I have used crapcleaner.exe on my Windows machines and its great but I'm looking for a similar product for my iBook G4. Can anyone help?

Dave


----------



## Pensacola Tiger (Apr 23, 2006)

dboiler said:


> I have used crapcleaner.exe on my Windows machines and its great but I'm looking for a similar product for my iBook G4. Can anyone help?
> 
> Dave


Dave,

Exactly what are you trying to accomplish? Unlike Windows, OS X doesn't have any 'crap' to be cleaned.


----------



## Jones (Jul 28, 2005)

There's a program called OnyX that does cleanup functions on Mac OSX, but as Pensacola said, it's not really needed. OSX is a much cleaner running system than Windows, and doesn't require regular maintenance to avoid 'slowdowns'.

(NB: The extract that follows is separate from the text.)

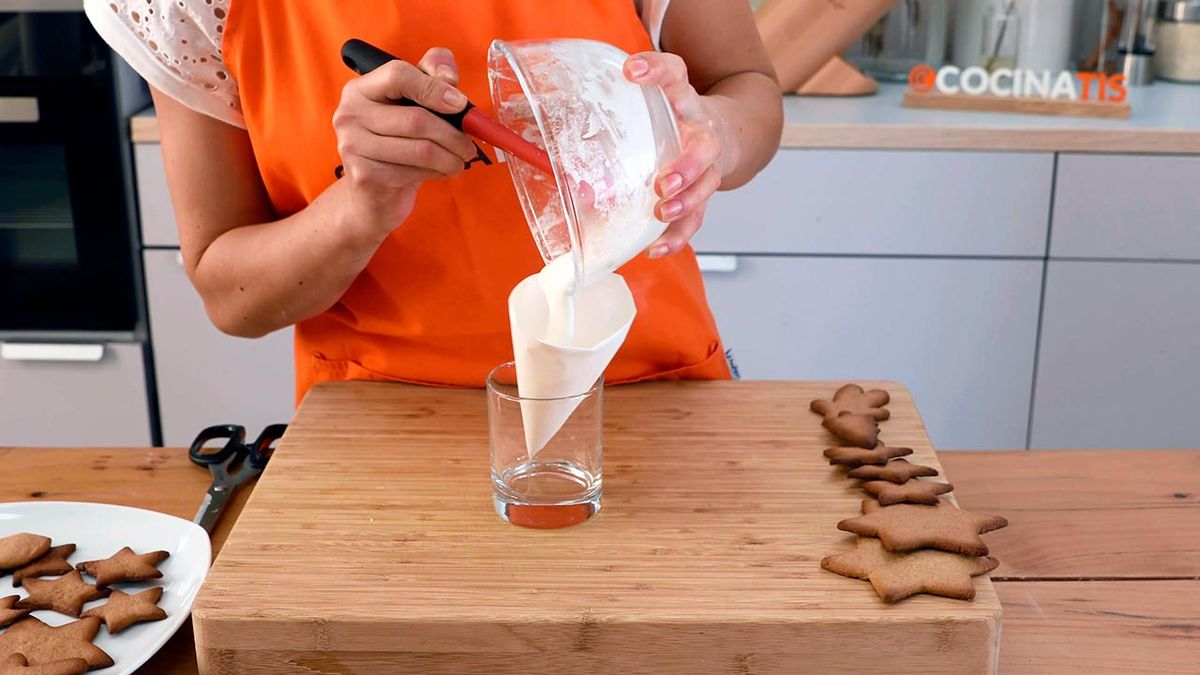 Receta de glaseado para decorar galletas de Navidad  paso 3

You can find OnyX on www.VersionTracker.com


----------



## slarti (Jan 18, 2005)

The only thing that I have noticed is that when you "uninstall" a program there are files left behind, plists etc. I used to have an app I got off of Apple's website that cleaned up after programs that I deleted, can't remember the name but a search on utilities on Apple's downloads might get it.


----------



## guilo (Dec 9, 2003)

use NetShred. http://www.versiontracker.com/dyn/moreinfo/macosx/16124


----------



## guilo (Dec 9, 2003)

oops.. forgot it was $20.


----------